Let A be the event that a boy plays football and B be the event that a boy plays rugby.
(c) Explain why A and B are not mutually exclusive.
(d) Show that A and B are not independent. [Maximum mark: 12] [with GDC]
Answer/Explanation
Ans.
(a) (i) Venn diagram, 30
(ii) 45
(b) (i) \(\frac{70}{100}\left ( =\frac{7}{10} \right )\)
(ii) \(\frac{45}{70}\left ( =\frac{9}{14} \right )\)
(c) P(A ∩ B) = 0.3 ≠ 0
(d) P(A ∩ B) ≠ P(A) × P(B), \(\frac{30}{100}\neq \frac{75}{100}x\frac{55}{100},\frac{30}{55}\neq \frac{75}{100}\)
OR P(B│A) ≠ P(B), \(\frac{30}{55}\neq \frac{75}{100}\)
Question
In a group of 16 students, 12 take art and 8 take music. One student takes neither art
nor music. The Venn diagram below shows the events art and music. The values p , q ,
r and s represent numbers of students.
(a) (i) Write down the value of s .
(ii) Find the value of q .
(iii) Write down the value of p and of r .
(b) (i) A student is selected at random. Given that the student takes music, write
down the probability the student takes art.
(ii) Hence, show that taking music and taking art are not independent events.
(c) Two students are selected at random, one after the other. Find the probability that the first student takes only music and the second student takes only art. [Maximum mark: 13] [with GDC]
Answer/Explanation
Ans.
(a) (i) s = 1
(ii) q = 5
(iii) p = 7, r = 3
(b) (i) P(art|music) = \(\frac{5}{8}\)
(ii) METHOD 1
P(art)=\(\frac{12}{16}\left ( =\frac{3}{4} \right )\) \( \frac{3}{4}\neq \frac{5}{8}\) the events are not independent
METHOD 2
P(art) × P(music) = \(\frac{96}{256}\left ( =\frac{3}{8} \right ) \) \(\frac{12}{16}x\frac{8}{16}\neq \frac{5}{16}\) the events are not independent
(c) P(first takes only music) = \(\frac{3}{16}\)
P(second takes only art)= \(\frac{7}{15}\)
P(music and art)= \(\frac{3}{16}x\frac{7}{15}=\frac{21}{240}\left ( =\frac{7}{80} \right )\)

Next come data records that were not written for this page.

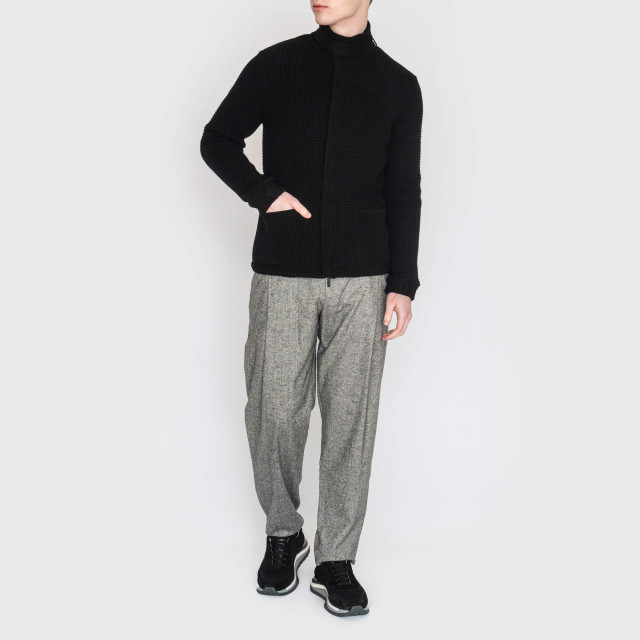 Брюки Emporio Armani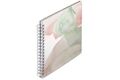 Hama Spiral-Album Watercolor 28x24cm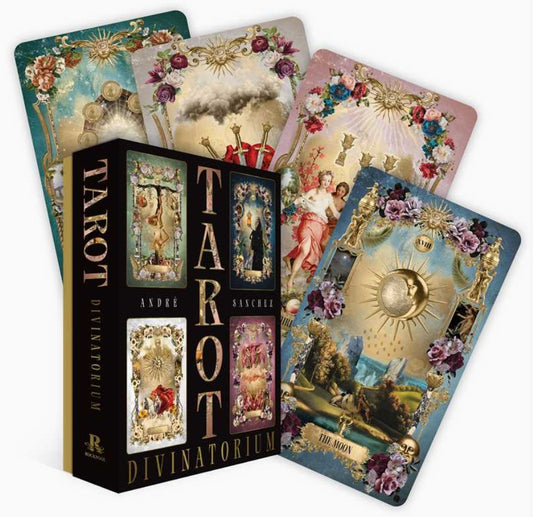 Tarot Divinatorium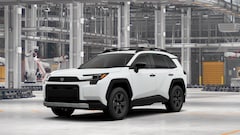 2026 Toyota RAV4 Woodland HYBRID AWD 2T36CRAV9TW06D439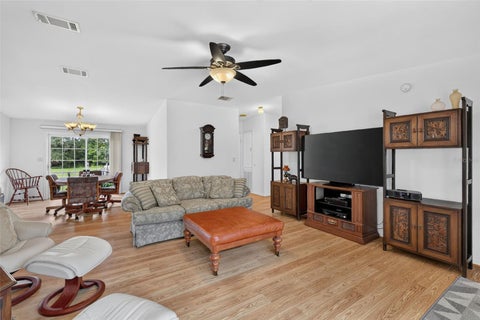Tiny photo for 12040 SE 94th Court, Belleview, FL 34420 (MLS # G5118006)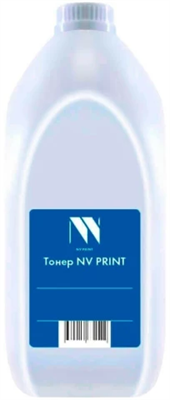 Тонер NV Print NV-HG782-1KG Black 226379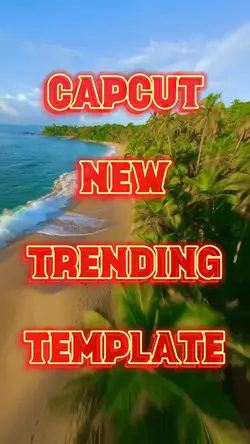 CapCut New Trends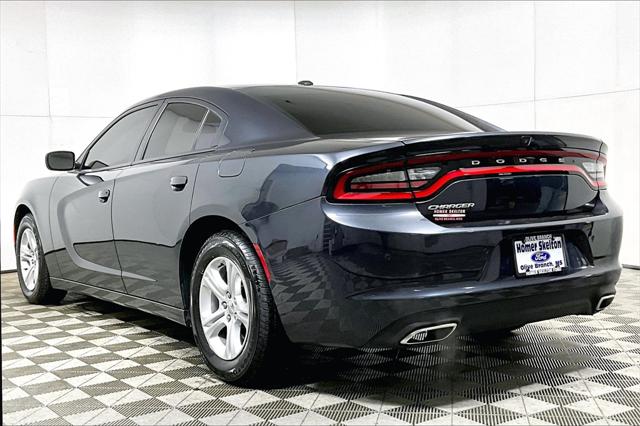 Used 2019 Dodge Charger For Sale in OLIVE BRANCH, MS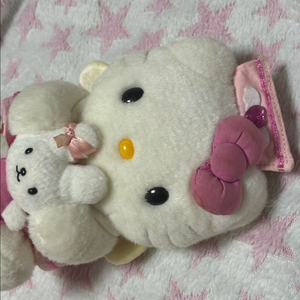 고전 키티 너스 키티 메디컬 키티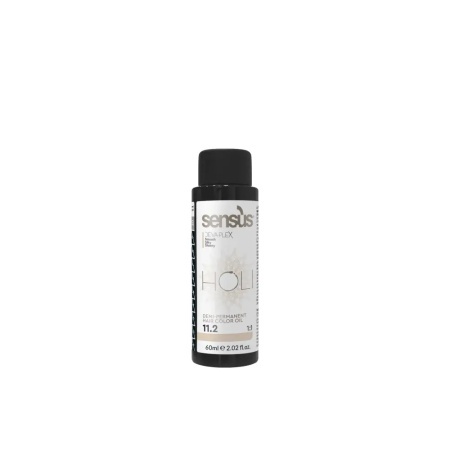 Vopsea De Păr Lichidă Demi-Permanentă Sensus Holi 60ml - Img 3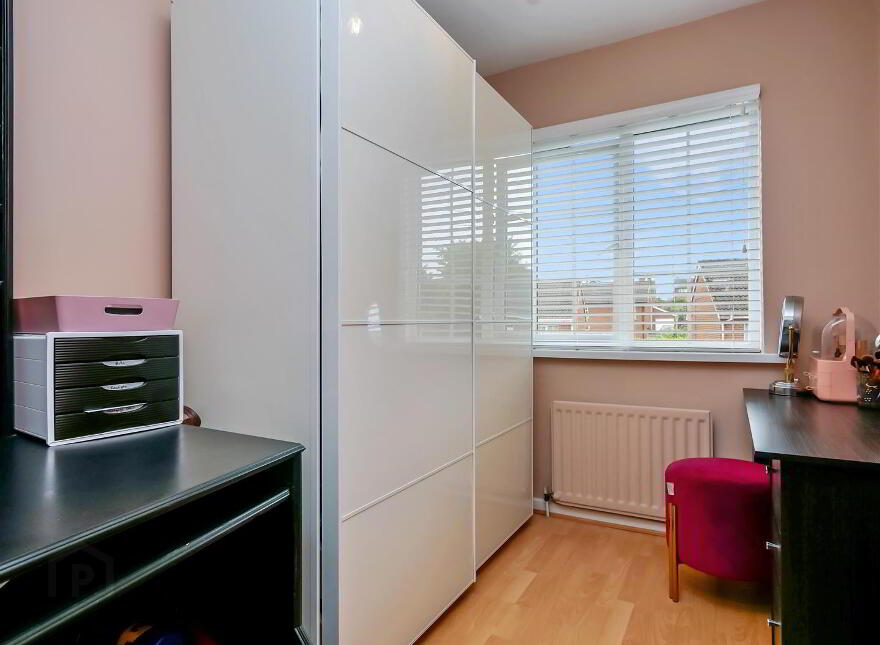 18 Beaufort Avenue, Beechill Road, Belfast, BT8 7TY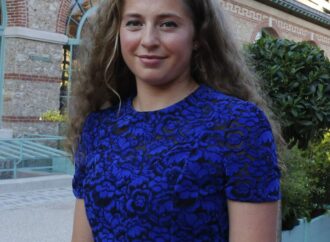 The Journey of Jelena Ostapenko in Professional Tennis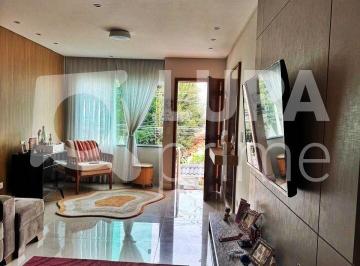 Casa · 164m² · 3 Quartos · 3 Vagas · CASA COM 3 QUARTOS E 3 VAGAS DE GARAGEM À VENDA NA VILA MARIA ALTA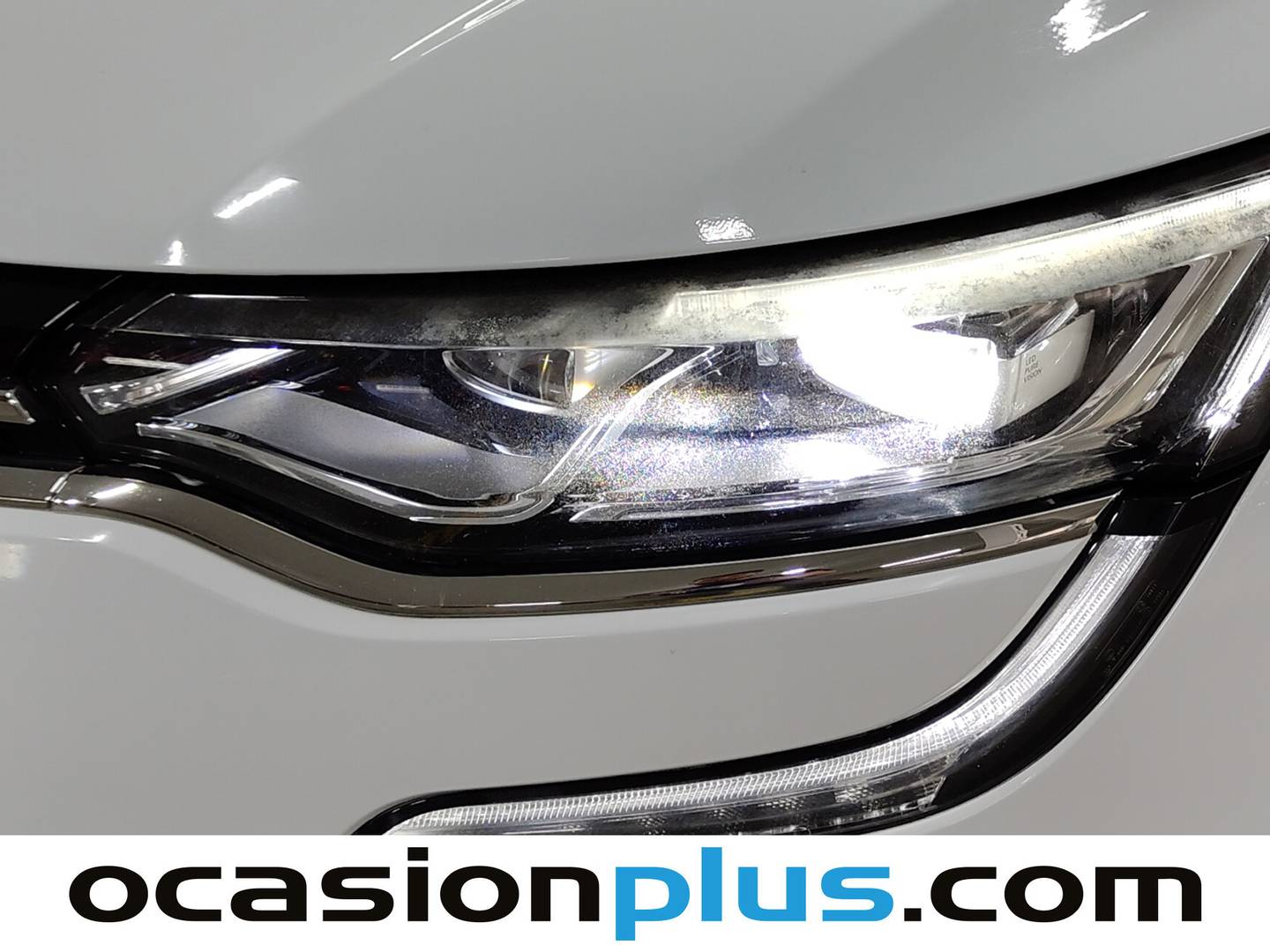 Renault Talisman Renault Talisman Sport Tourer Intens Energy dCi (130 CV) barato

Question: [Maximum mark: 6]
A discrete random variable, X, has the following probability distribution:
| x | 0 | 1 | 2 | 3 |
| P(X=x) | 0.41 | k – 0.28 | 0.46 | 0.29-2k2 |
(a) Show that 2k2 – k + 0.12 = 0.
(b) Find the value of k , giving a reason for your answer.
(c) Hence, find E(X).
Answer/Explanation
Ans:
(a) 0.41 + k – 0.28 + 0.46 + 0.29 – 2k2 = 1 OR k – 2k2 + 0.01 = 0.13 (or equivalent)
2k2 – k + 0.12 = 0
(b) one of 0.2 OR 0.3
k = 0.3
reasoning to reject k = 0.2 eg P(1) = k-0.28 ≥ 0 therefore k ≠ 0.2
(c) attempting to use the expected value formula
E(X) = 0 × 0.41 + 1 × (0.3-0.28)+2 × 0.46+3 × (0.29-2 × 0.32)
= 1.27
Note: Award M1A0 if additional values are given.